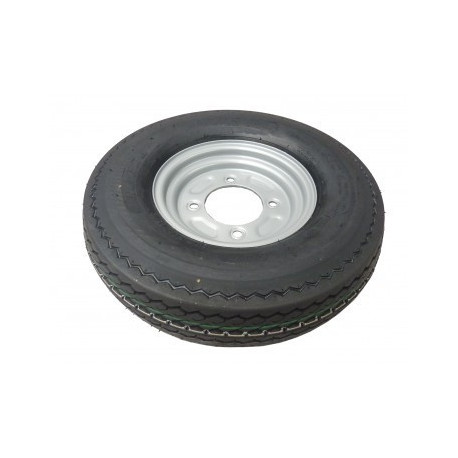 710-6732 - Roue acier avec pneu 4.80 /4.00-8 de remorque :: Roues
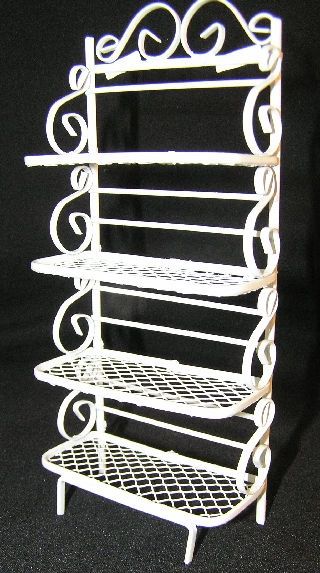 White Wire Bakers Rack D1213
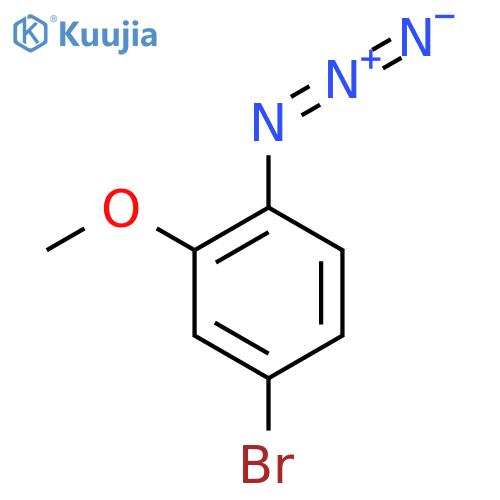 1-Azido-4-bromo-2-methoxybenzene structure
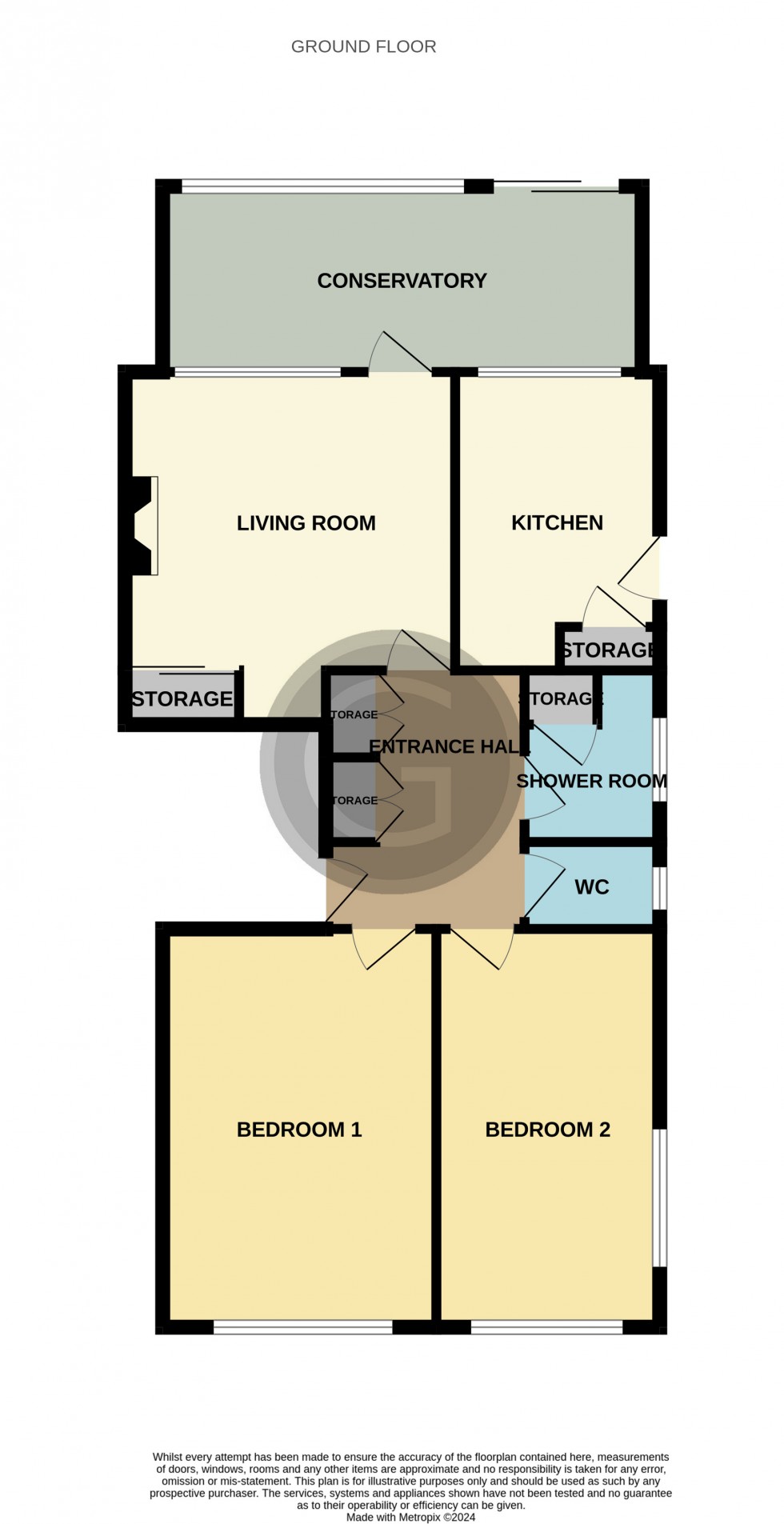 Floorplan for Collington Avenue, Bexhill on Sea, East Sussex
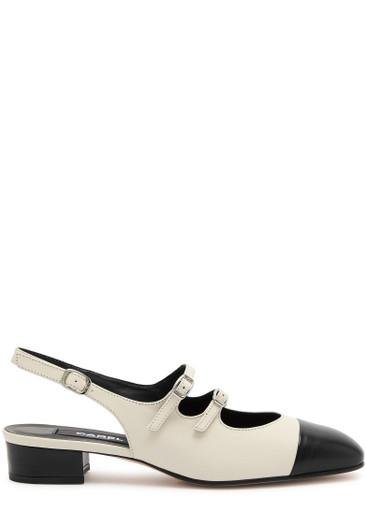 Abricot 20 leather slingback Mary Jane pumps by CAREL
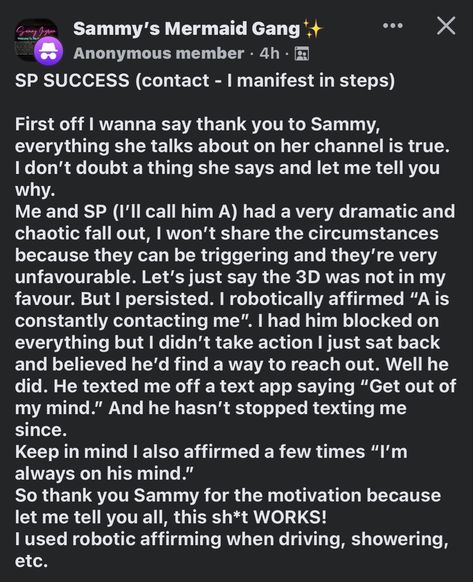 Sp Success Stories Law Of Assumption, Sp Manifestation Success Stories, Sp Success Stories, Sammy Ingram Success Stories, Manifesting Sp, Manifestation Stories, Sp Manifestation, Sp Affirmations, Sammy Ingram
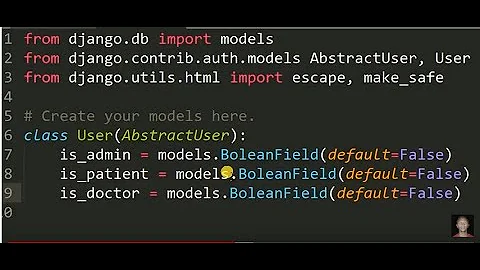 Create multiple user type model in Django (patient,doctor and admin)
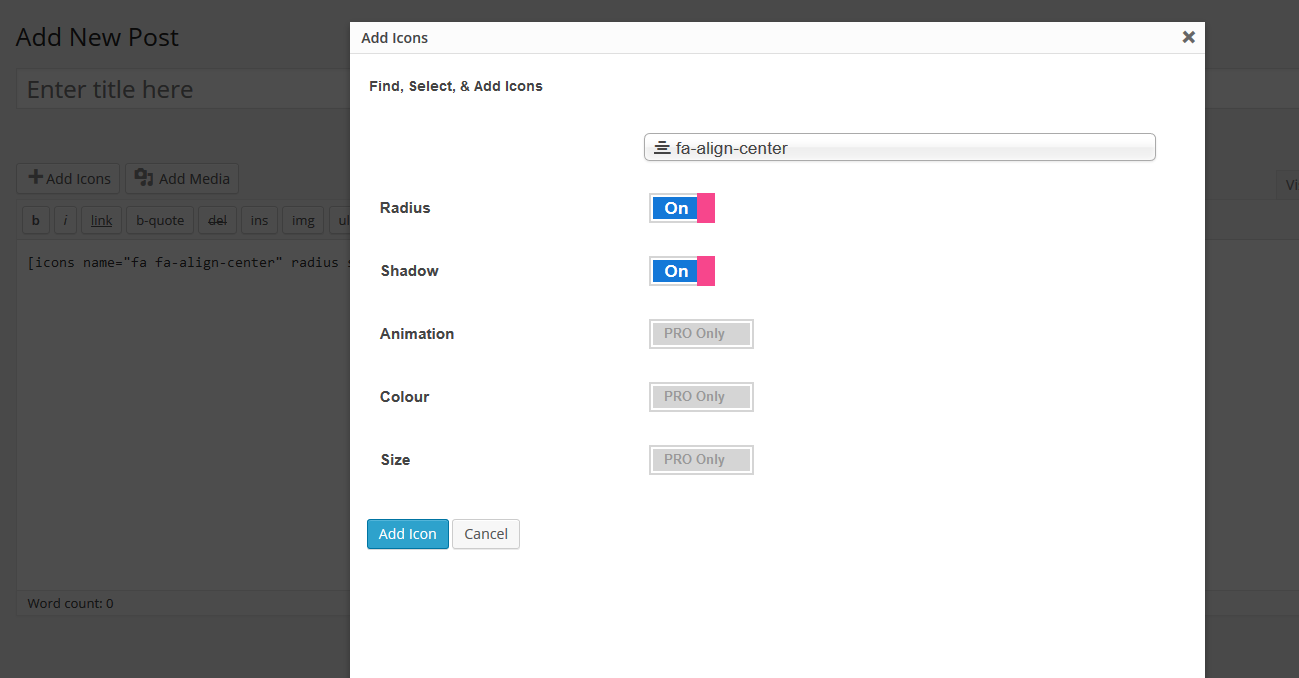 Simple one page settings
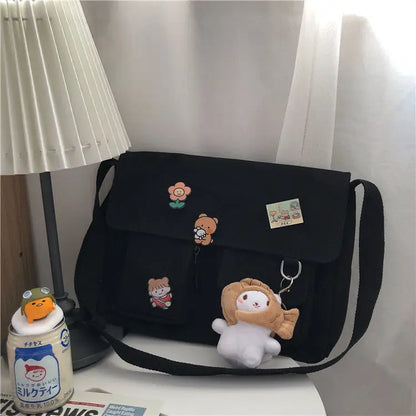 Sac à bandoulière Urban Canvas™ – Confort et Style pour toutes les occasions - Lune brodée
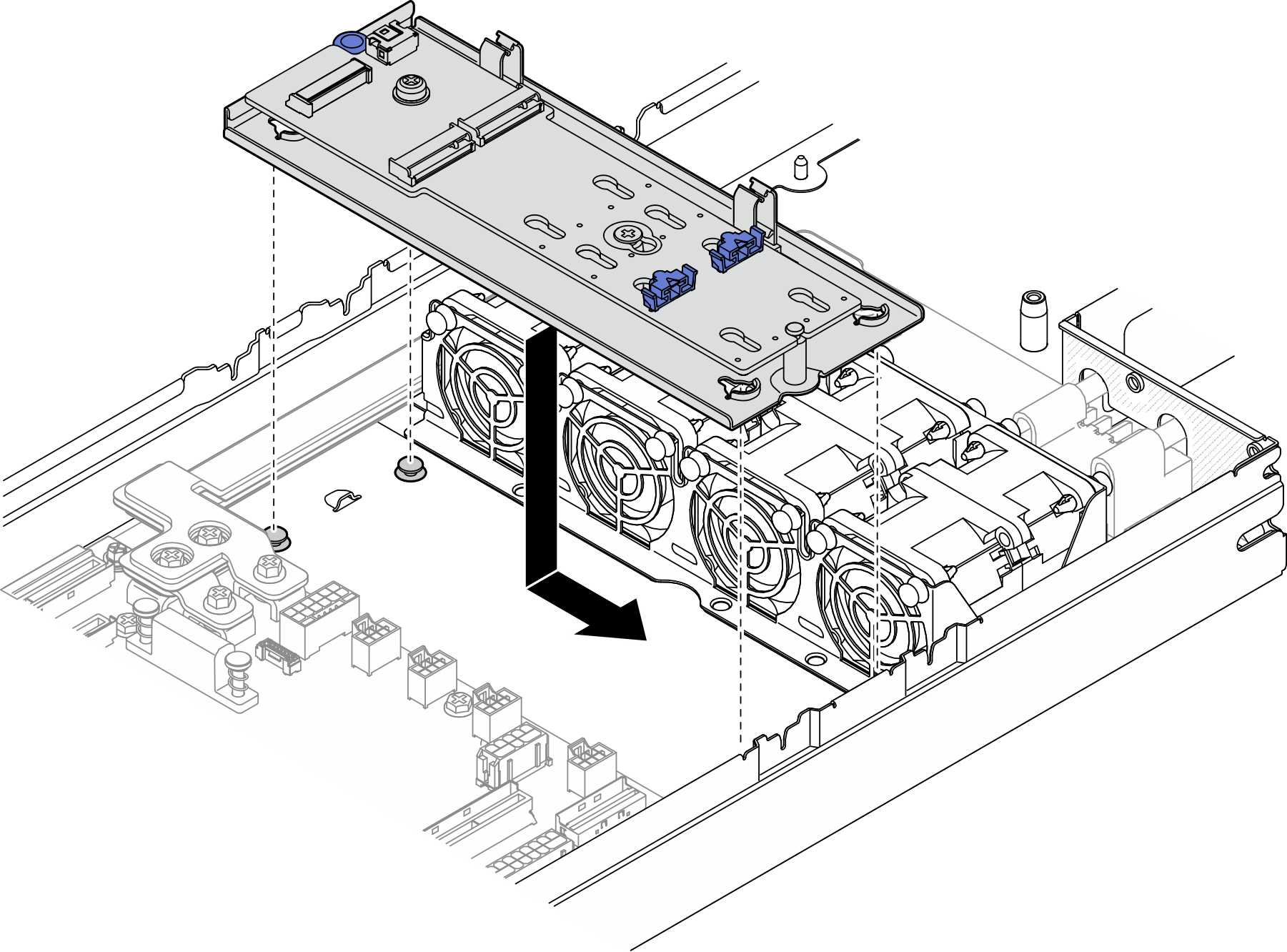 Installing M.2 boot adapter tray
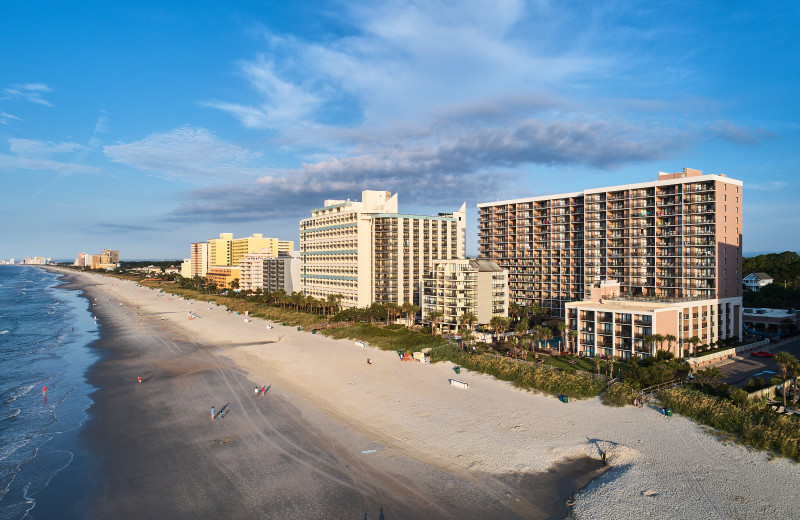Exterior view of Long Bay Resort.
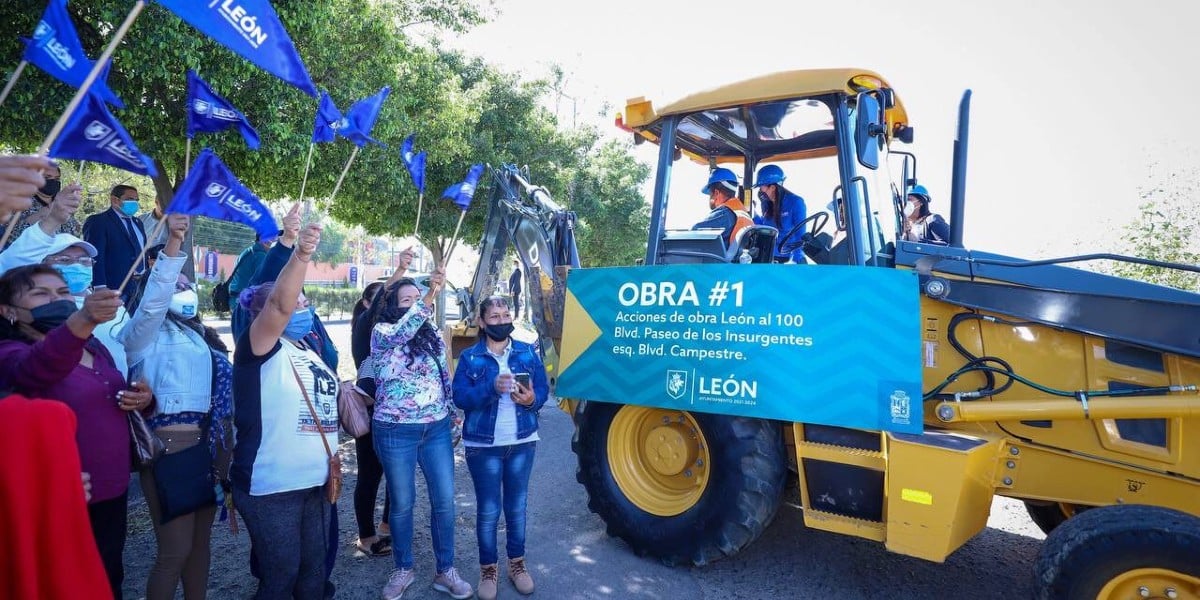 Anuncia Ale Gutiérrez el paquete de obras públicas 'León al 100'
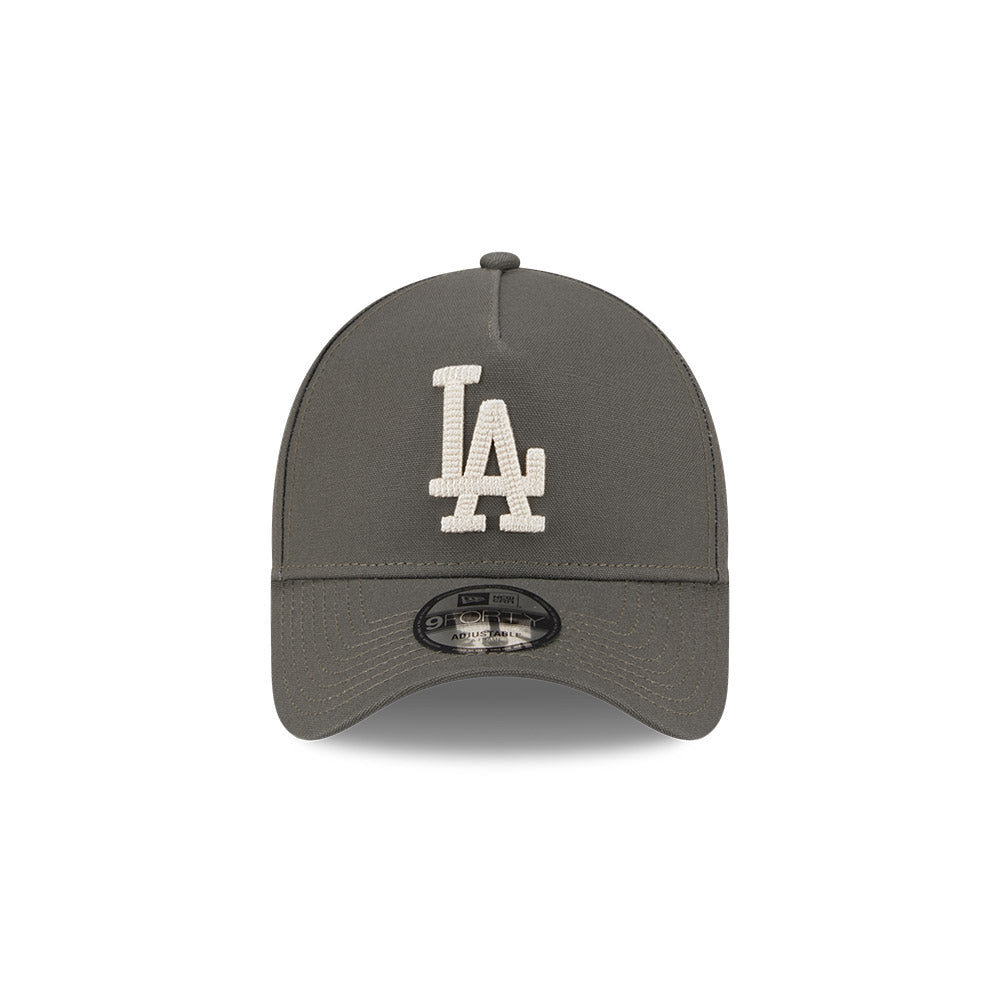 NEW ERA 940 A-FRAME MOSS CANVAS CHAINSTITCH - LA DODGERS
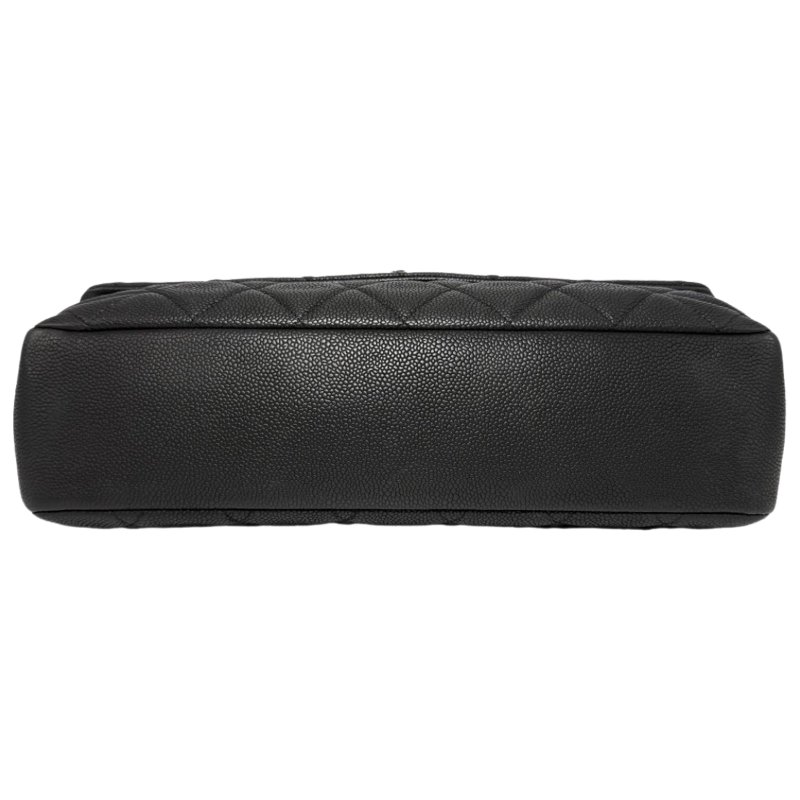 【2461】香奈兒 Chanel  Classic Flap 經典翻蓋 中號 黑色斜挎包 荔枝皮-4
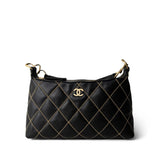 CHANEL Handbag Black Chanel Wild Stitch Black Hobo Bag -Knockoff
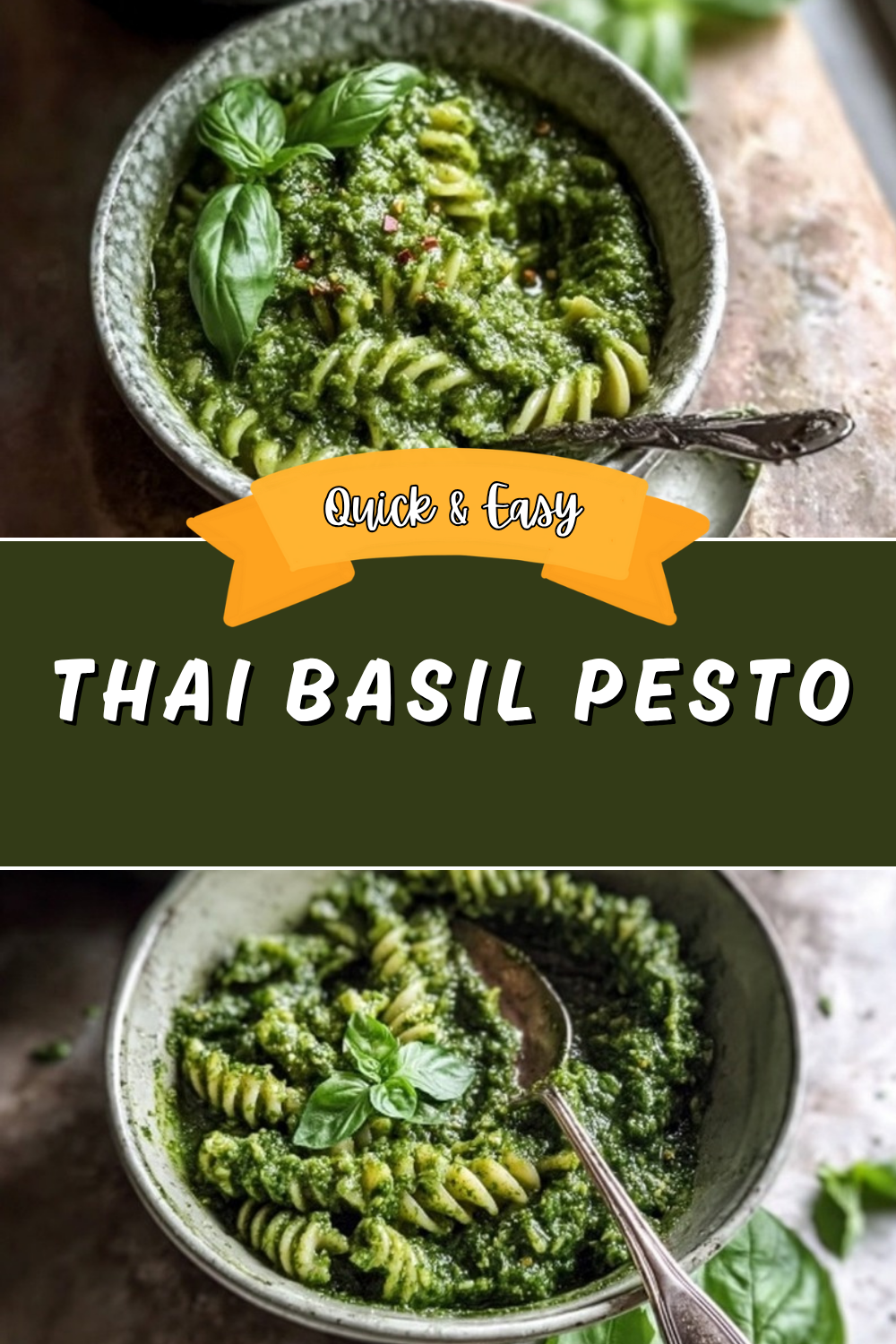 Thai Basil Pesto Recipe With Bold Asian Flavors 7 Thai Basil Pesto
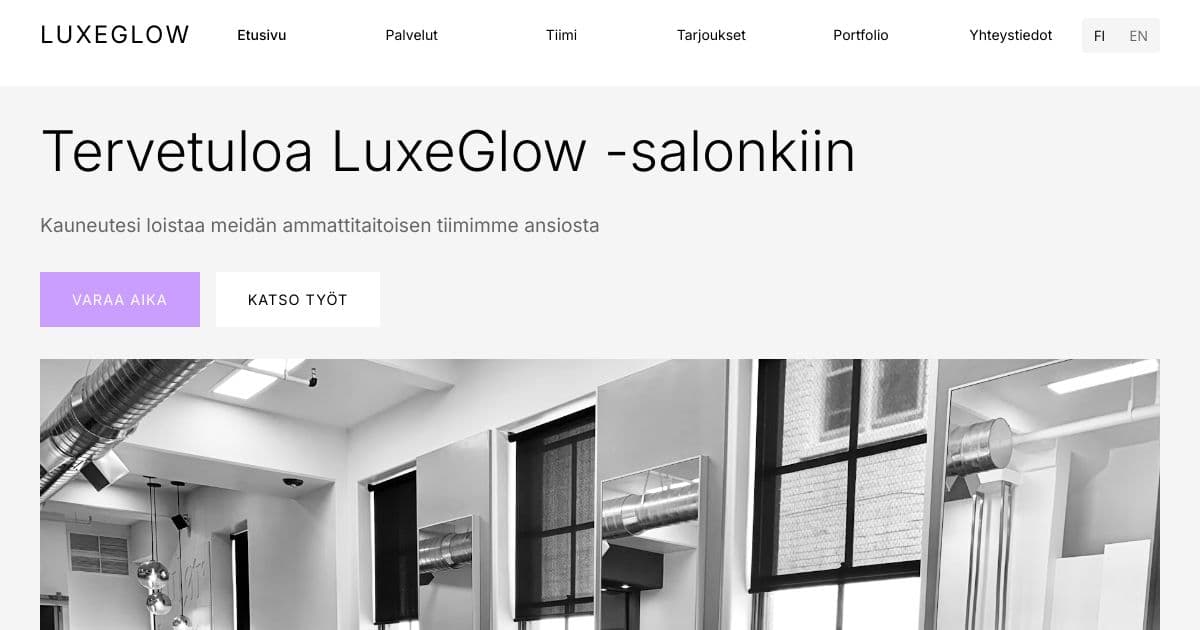 LuxeGlow Salon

________________________

# Assignment
Would you return all of the entries unchanged while omitting the images?

# Solution for this task
 710-6732 - Roue acier avec pneu 4.80 /4.00-8 de remorque :: Roues
 White Wire Bakers Rack D1213
 1-Azido-4-bromo-2-methoxybenzene structure
 Floorplan for Collington Avenue, Bexhill on Sea, East Sussex
 Abricot 20 leather slingback Mary Jane pumps by CAREL
 Sp Success Stories Law Of Assumption, Sp Manifestation Success Stories, Sp Success Stories, Sammy Ingram Success Stories, Manifesting Sp, Manifestation Stories, Sp Manifestation, Sp Affirmations, Sammy Ingram
 Create multiple user type model in Django (patient,doctor and admin)
 Simple one page settings
 Sac à bandoulière Urban Canvas™ – Confort et Style pour toutes les occasions - Lune brodée
 Installing M.2 boot adapter tray
Exterior view of Long Bay Resort.
 Anuncia Ale Gutiérrez el paquete de obras públicas 'León al 100'
 NEW ERA 940 A-FRAME MOSS CANVAS CHAINSTITCH - LA DODGERS
 【2461】香奈兒 Chanel  Classic Flap 經典翻蓋 中號 黑色斜挎包 荔枝皮-4
 CHANEL Handbag Black Chanel Wild Stitch Black Hobo Bag -Knockoff
 Thai Basil Pesto Recipe With Bold Asian Flavors 7 Thai Basil Pesto
 LuxeGlow Salon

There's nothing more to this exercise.